Consumers and their attorneys are not the only ones miffed at Sony BMG's tactics. One label distributed by the media giant, ATO Records, said its artists and customers have complained about the surreptitious software installation and stressed that it never agreed that the media giant could put copy protection on its CDs. Currently, the company is not considering legal action, said a spokesperson, who asked not to be named.

"Our artists and our customers are pretty upset, but we are in talks with Sony BMG about this issue," the spokesperson said. "We are not pursuing any legal avenues yet."

For Mark Russinovich, chief software architect for Winternal Software and one of the original discoverers of the Sony BMG rootkit, the code is taking copy protection to an unpalatable extreme. Russinovich firmly labels the technology a rootkit and spyware, not the least because Sony BMG has placed high hurdles in the way of any consumer that wants to uninstall the program. The copy-protection software cannot be uninstalled under Windows XP except by contacting Sony BMG through a special Web site, receiving a special code and sacrificing some privacy, Russinovich said.

The security researcher is not the only one who believes that Sony's copy protection weakens system security. The emergence of a Trojan horse that attempts to hide itself using the software has at least one antivirus firm - U.K.-based Sophos - offering to disable the protection mechanism, an action that could violate the Digital Millennium Copyright Act (DMCA). Sophos believes that offering the tool is about protecting customers, said Graham Cluley, senior technology consultant for firm.

"I appreciate that Sony had good intentions - we want people to pay for content as well, but we are also against introducing vulnerabilities into people's systems," he said. "I would hope that Sony would be pleased that we are helping them fix their software. And I would hope that, in the future, Sony would want to provide software that does not have a back door in it."

Such anti-rootkit tools raise the question of whether removing the software, even if it one can prove it weakens system security, is legal under the controversial DMCA, EFF's Schultz said. The DMCA protects digital-rights management software from attackers, but also from people who seek to use the content in a historically fair-use context. The DMCA, passed in 1998, makes it illegal for anyone to "circumvent a technological measure that effectively controls access to a work protected under" the law. Whether protecting copyrights trumps protecting a user's system will likely be tested in the coming court battles, Schultz said.

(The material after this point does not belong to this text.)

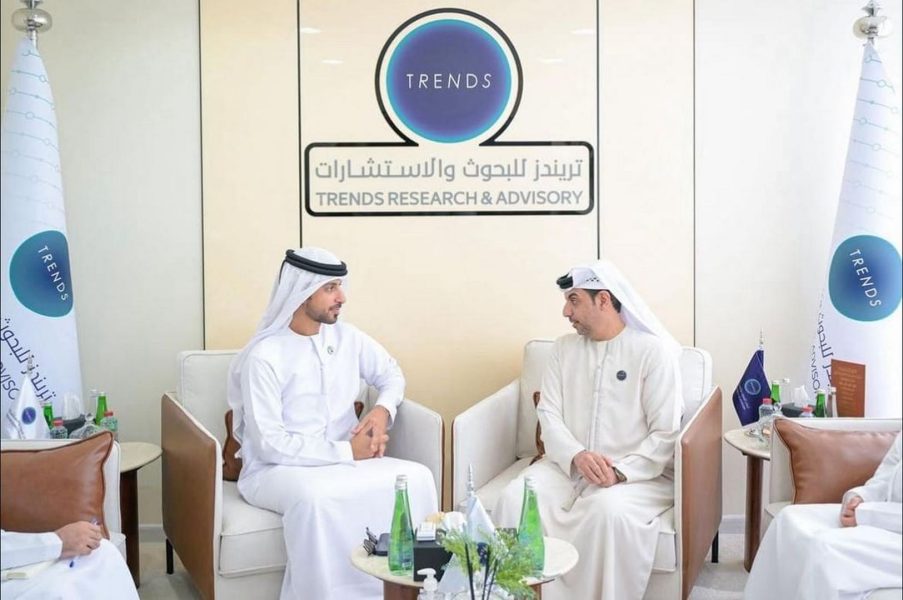 حلقة نقاشية في “تريندز” حول الذكاء الاصطناعي والتعليم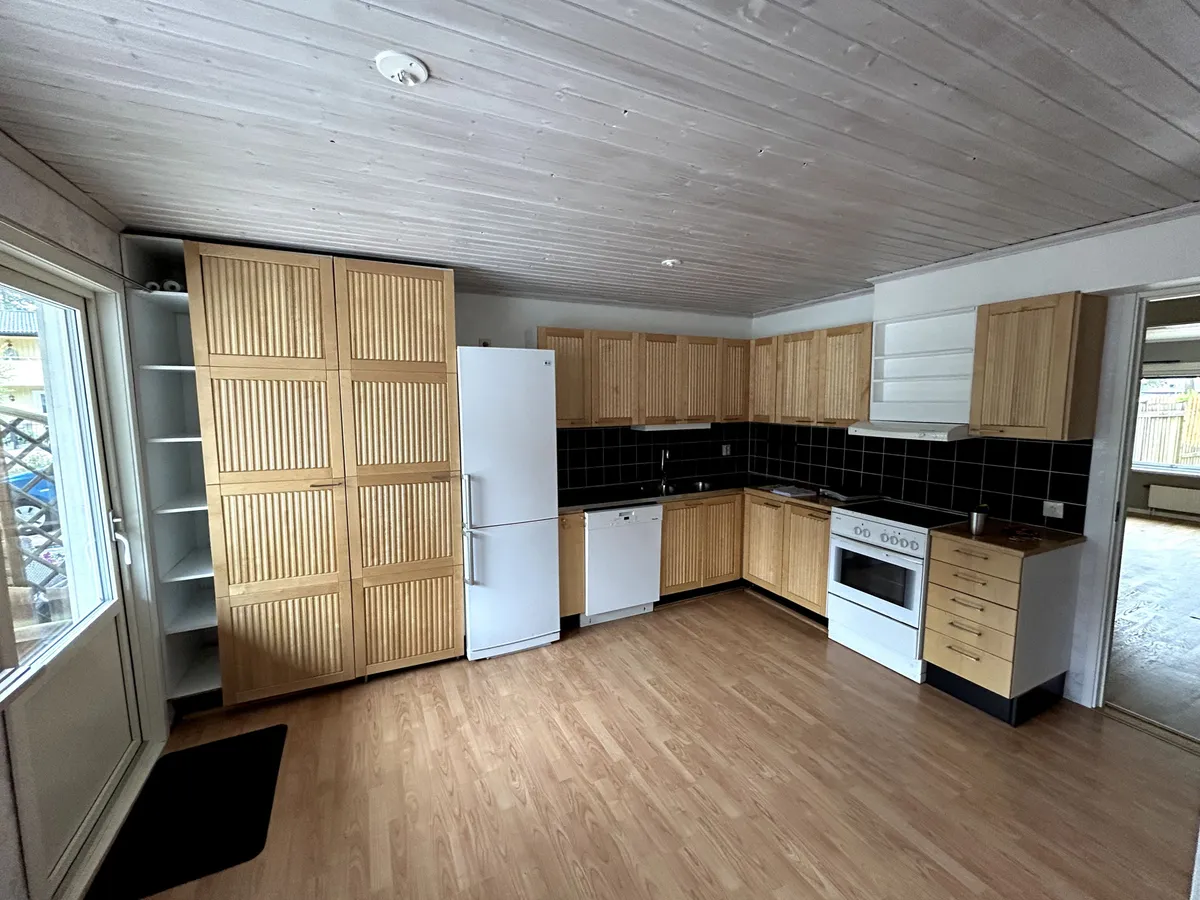 Bondegatan i Gislaved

The court cases will also likely focus on Sony BMG's end-user license agreement, which briefly mentions the installation of "a small proprietary software program." Software EULAs have gained notoriety as long legal notices that consumers never read, so the current case may be a good test of whether they are a legitimate contract between the consumer and the software maker, Schultz said.

"Their whole defense to this practice relies on the end user license agreement," he said. "They have set this up so that when someone puts the CD in their drive, this 3,000-word license agreement pops up. Can people give consent in that way to such an invasive practice?"

The flurry of lawsuits and complaints suggest that, for consumers and security experts, the answer is a resounding "no."